Volume 116, Number 2, October 2016
|Number of page(s)||6|
|Published online||28 November 2016|
A lattice Boltzmann method based on generalized polynomials and its application for electrons in metals
1 Departamento de Física dos Sólidos, Universidade Federal do Rio de Janeiro - 21941-972, Rio de Janeiro, Brazil
2 ETH Zürich, Computational Physics for Engineering Materials, Institute for Building Materials Schafmattstrasse 6, HIF, CH-8093 Zürich, Switzerland
3 Instituto Nacional de Metrologia, Normalização e Qualidade Industrial - Duque de Caxias 25.250-020, RJ, Brazil
4 Dipartimento di Fisica, Università di Camerino - I-62032 Camerino, Italy
Received: 30 May 2016
Accepted: 9 November 2016
A lattice Boltzmann method is proposed based on the expansion of the equilibrium distribution function in powers of a new set of generalized orthonormal polynomials which are here presented.
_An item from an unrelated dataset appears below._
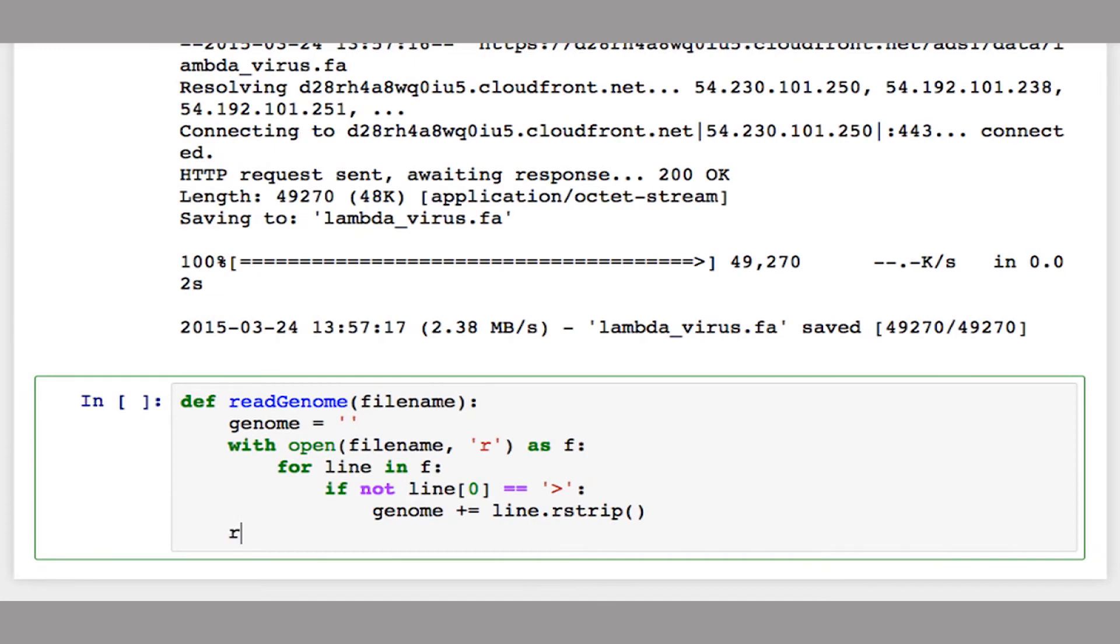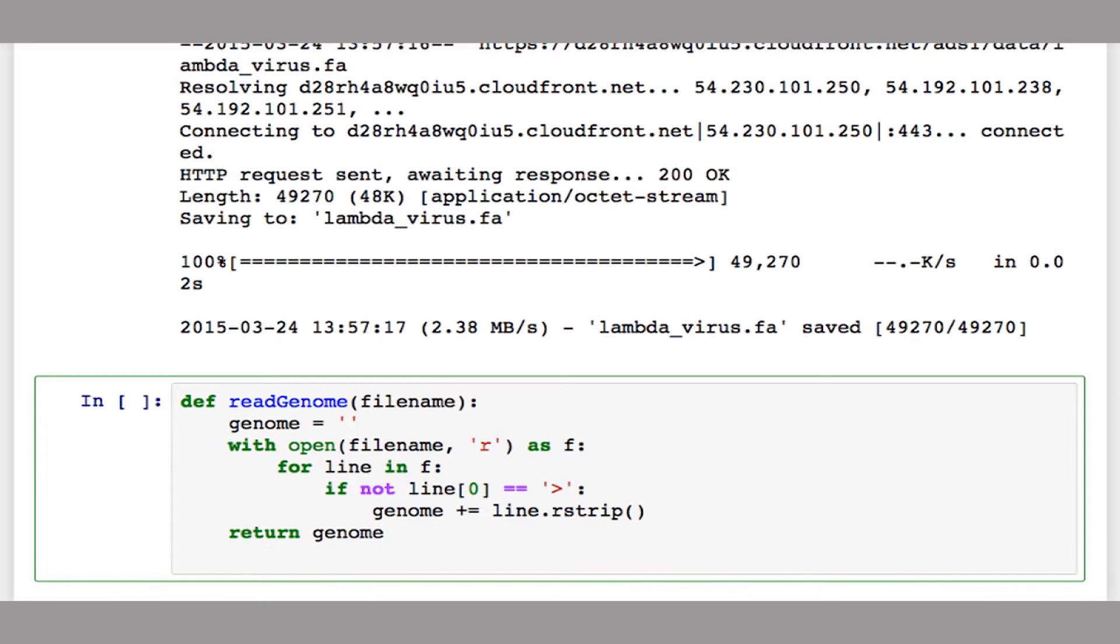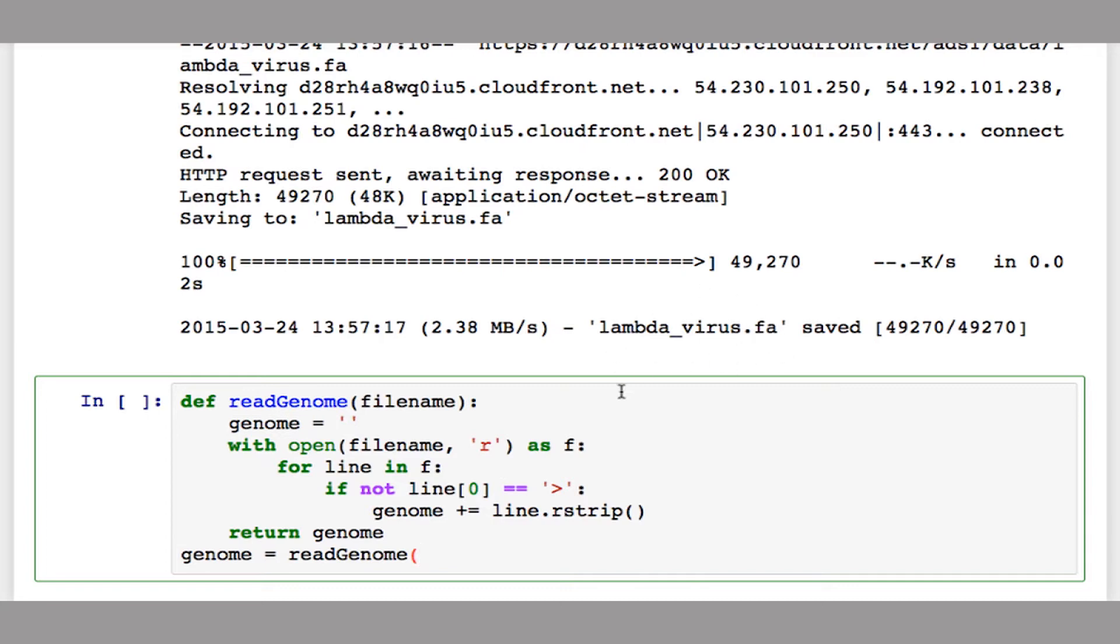And then when all this is done, I'm just going to return genome. So let's run this. Let's read the genome. So I'm going to say genome equals read_genome. I'm going to pass in the file, the name of this file, which if you use wget, is written right there. So lambda_virus.fa.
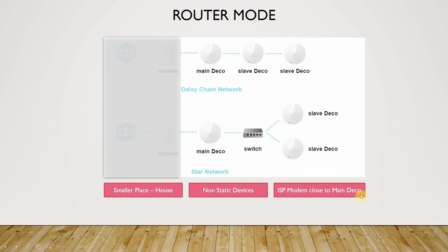The third point is the ISP modem being close to the main Deco. If in your establishment the main Deco and the ISP router are very close to each other, there's a problem if you activate access point mode - both devices will be functioning and there'll be a lot of interference that the Deco won't be able to manage. So whenever you have a house-like structure or smaller area and the Deco can take care of the whole network, go for router mode. You also get additional functionalities like parental control, antivirus, and so on.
The new polynomials are orthonormal under the weight defined by the equilibrium distribution function itself. The D-dimensional Hermite polynomials is a sub-case of the present ones, associated to the particular weight of a Gaussian function. The proposed lattice Boltzmann method allows for the treatment of semi-classical fluids, such as electrons in metals under the Drude-Sommerfeld model, which is a particular case that we develop and validate by the Riemann problem.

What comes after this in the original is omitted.